**Input data:**
===============
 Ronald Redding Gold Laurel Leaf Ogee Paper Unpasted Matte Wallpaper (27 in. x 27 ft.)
===============
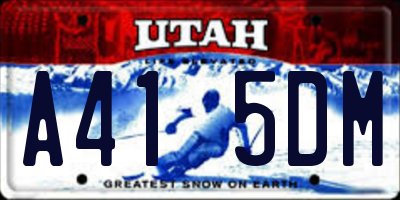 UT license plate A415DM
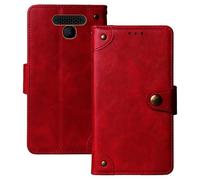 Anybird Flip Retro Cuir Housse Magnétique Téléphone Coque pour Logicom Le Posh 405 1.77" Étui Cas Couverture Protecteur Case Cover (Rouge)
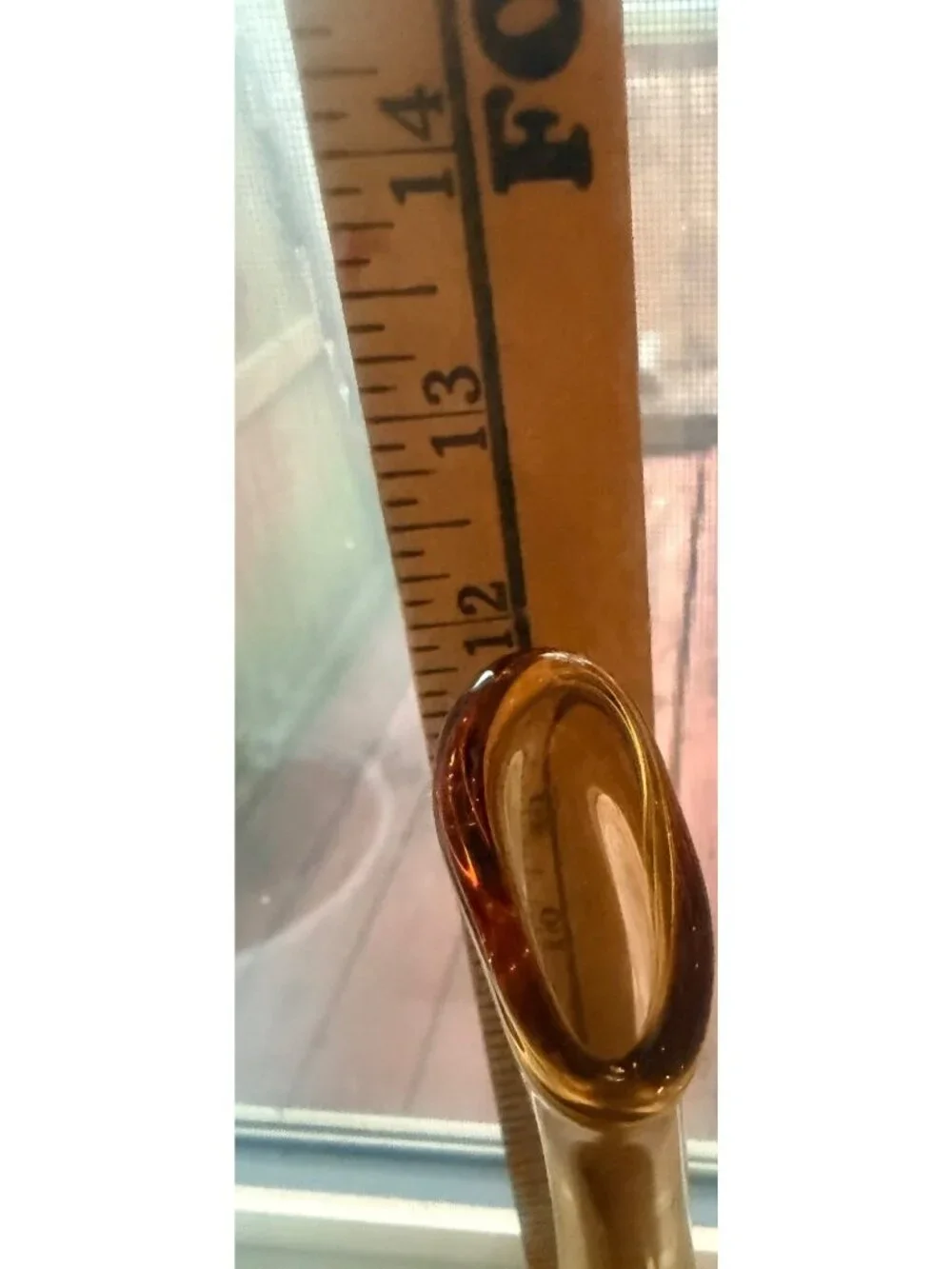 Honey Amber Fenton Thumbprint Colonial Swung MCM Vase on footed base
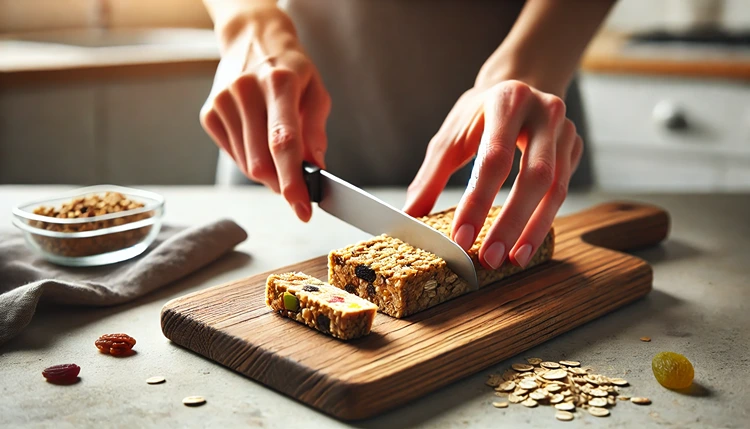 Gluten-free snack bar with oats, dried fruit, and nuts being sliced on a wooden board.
===============
**Assignment:** Reproduce the records above exactly, but only from the line with "Anybird Flip Retro" up to and including the line with "Gluten-free snack bar". Leave the pictures out.

**Response for this exercise:**
 Anybird Flip Retro Cuir Housse Magnétique Téléphone Coque pour Logicom Le Posh 405 1.77" Étui Cas Couverture Protecteur Case Cover (Rouge)
 Honey Amber Fenton Thumbprint Colonial Swung MCM Vase on footed base
 Gluten-free snack bar with oats, dried fruit, and nuts being sliced on a wooden board.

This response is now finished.